SAN JOSE ICE & COLD STORAGE CO. v. CITY OF SAN JOSE et al.
In his petition for a rehearing herein counsel for respondent complains of our treatment of section 392 et seq. of the Code of Civil Procedure (as amended by St. 1933, p. 1837 et seq., St. 1935, p. 1947 et seq.) in regard to the question of jurisdiction––a question which we have deemed as not determinative of this proceeding. We referred to the question because it had been argued in the briefs, but, when we said that these sections had been held jurisdictional “in some cases,” we assumed that the implication would follow that there was a division of authority.

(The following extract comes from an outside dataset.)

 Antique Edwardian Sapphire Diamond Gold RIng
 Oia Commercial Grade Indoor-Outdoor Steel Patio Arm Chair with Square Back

Criticism is also made of the expression “when it appears that the action has been commenced in the wrong court a transfer to the ‘proper court’ is mandatory. Section 396b.” A reading of this section enacted in 1933 (St. 1933, p. 1842) will readily disclose the meaning of the statement. It provides that, if an action is commenced in a court having jurisdiction of the subject matter thereof “other than the court designated as the proper court for the trial thereof, under the provisions of this title,” i. e., section 392 et seq., it may be tried in that county unless the defendant demands a transfer to the proper court. Then follows the language which is entirely new to these sections and upon which we held a transfer to be mandatory. This portion of the section reads: “Upon the hearing of such motion the court shall, if it appears that the action or proceeding was not commenced in the proper court, order the same transferred to the proper court; provided, however, that the court, in an action for divorce or separate maintenance, may, prior to the determination of such motion, consider and determine a motion for counsel fees and costs, and make all necessary and proper orders in connection therewith; provided, further, that in any case, if an answer be filed, the court may consider opposition to the motion, if any, and may retain the action in the county where commenced if it appears that the convenience of witnesses or the ends of justice will thereby be promoted.” (Italics ours.)
There is no uncertainty in this language and no ground for the statement that we held a demand for transfer unnecessary. The section expressly requires a demand, and it also designates but two exceptions to the mandatory requirement for a transfer when such demand is properly made.
Respondent did not bring its case within either of these exceptions and, since it is conceded that proper demand for a transfer was made, we correctly held that a transfer under the facts of this case was mandatory.
The petition for a rehearing is denied.